The boards of almost 40 public companies face pushback over their apparent opposition to an SEC pilot scheme that would limit the rebates on transaction fees that are paid to market-makers by stock exchanges.
The Council of Institutional Investors (CII) recently sent letters to directors of 37 publicly traded companies that the council says have submitted public comment letters opposing the pilot, with most supporting NYSE arguments against the project.
CII’s letter states that although the NYSE alleges the pilot will harm investors, most institutional investors support the plan. ‘In opposing the proposed pilot, many companies are aligning themselves against some of their largest shareholders,’ CII executive director Ken Bertsch writes. ‘More than 75 percent of issuers [that oppose] it have at least one of their five largest institutional investors supporting the pilot.’
The pilot has sparked debate between issuers, investors and national stock exchanges. The SEC voted in favor of the transaction-fee (also called access-fee) pilot – Rule 610T of Regulation NMS – in March 2018. The proposed trial would last for up to two years and is aimed at gathering data about the impact transaction fees and rebates have on order-routing behavior, execution quality and overall market quality.
Supporters of the trial include public pension funds and asset managers such as Vanguard, BlackRock, CalPERS and T Rowe Price, as well as IEX and the Securities Industry and Financial Markets Association.
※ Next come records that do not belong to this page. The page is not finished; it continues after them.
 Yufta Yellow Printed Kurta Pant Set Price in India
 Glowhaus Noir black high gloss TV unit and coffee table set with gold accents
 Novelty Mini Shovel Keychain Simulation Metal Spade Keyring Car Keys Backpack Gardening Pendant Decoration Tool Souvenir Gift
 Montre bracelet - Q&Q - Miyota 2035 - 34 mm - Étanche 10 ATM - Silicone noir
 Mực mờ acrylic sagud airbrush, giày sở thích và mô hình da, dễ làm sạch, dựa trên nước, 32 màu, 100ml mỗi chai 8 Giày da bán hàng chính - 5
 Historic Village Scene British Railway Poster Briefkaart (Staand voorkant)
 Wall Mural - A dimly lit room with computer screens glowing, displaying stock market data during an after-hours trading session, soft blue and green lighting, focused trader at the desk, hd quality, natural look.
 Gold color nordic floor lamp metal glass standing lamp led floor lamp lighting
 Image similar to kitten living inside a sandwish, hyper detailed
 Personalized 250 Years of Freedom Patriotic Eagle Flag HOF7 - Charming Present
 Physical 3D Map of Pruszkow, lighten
They argue that the pilot would collect information about whether the current system, where brokers (‘makers’) receive a rebate and customers (‘takers’) pay a fee for each transaction, contributes to market complexity or creates conflicts of interest.
Critics of the pilot – such as the NYSE, Nasdaq and the Security Traders Association of New York – suggest that placing issuers into fixed groups with different market conditions for a two-year term, as is proposed for the pilot, is risky.
Nasdaq and the NYSE say the pilot would be ineffective in gathering the data the SEC wants, and they worry that fee caps may push trading activity to dark pools – which would not be subject to the pilot. The NYSE also predicts that the trial would mean widened spreads from brokers, harming liquidity and investors’ execution quality.
CII takes a different stance. ‘As evidence cited by the SEC indicates, the current transaction fee structure may incentivize broker-dealers [to] route orders to exchanges that have the best quoted prices but are suboptimal for customers in other ways because orders are either less likely or take longer to execute,’ Bertsch writes. ‘We believe the proposed pilot as currently designed will facilitate actionable statistical analysis of the potential conflicts of interest presented by fees and rebates.’
CII also expresses support for the SEC’s proposed approach to the pilot. ‘In order to provide a meaningful and useful dataset, the pilot must encompass a wide range of [national market system] stocks and be of a sufficient duration to prevent the results from being skewed by any unrelated market events or distortions. The SEC’s proposal adequately addresses these concerns and will provide an appropriate dataset,’ Bertsch writes. He also asks that the directors receiving the letters share them with their full boards.